Physically based data assimilation and fuzzy verification
Gad Levy
NorthWest Research Associates
1:30 pm March 17 in Room 2551
Abstract: Ideally, a verification and validation scheme
should be able to evaluate and incorporate lower dimensional
features (e.g., discontinuities) contained within a bulk simulation
even when not directly observed or represented by model
variables. Nonetheless, lower dimensional features are often
ignored. Conversely, models that resolve such features and the
associated physics well, yet imprecisely are penalized by
traditional validation schemes. This can lead to (perceived or real)

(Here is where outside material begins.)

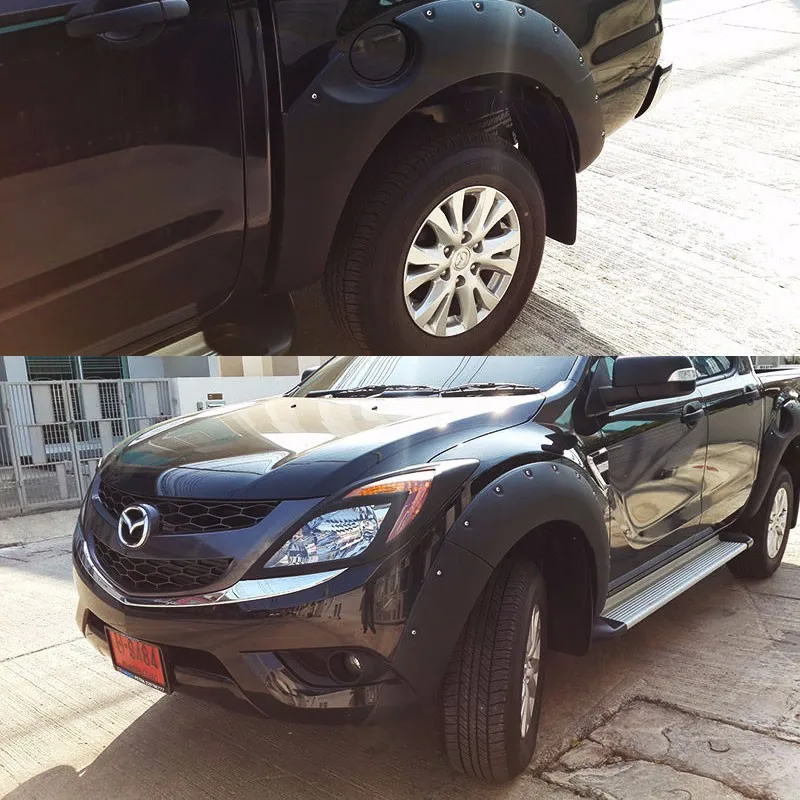 Черные Брызговики для арки колеса с заклепками для Mazda Bt50 Pro 2012- двойная кабина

poor model performance and predictability and can become
deleterious in model improvements when observations are sparse,
fuzzy, or irregular. I present novel algorithms and a general framework
for using information from available satellite data through fuzzy
verification that efficiently and effectively remedy the known
problems mentioned above. As a proof of concept, we use a sea-ice model
with remotely sensed observations of leads in a one-step initialization
cycle. Using the new scheme in a sixteen day simulation experiment
introduces model skill (against persistence) several days earlier than
in the control run, improves the overall model skill and delays
its drop off at later stages of the simulation. Although sea-ice models
are currently a weak link in climate models, the appropriate choice of
data to use, and the fuzzy verification and evaluation of a
system’s skill in reproducing lower dimensional features are
important beyond the initial application to sea ice. Our strategy
and framework for fuzzy verification, selective use of information, and
feature extraction could be extended globally and to other disciplines.
As time permits, examples from tropical climate classification,
oil spill detection and modeling will also be presented.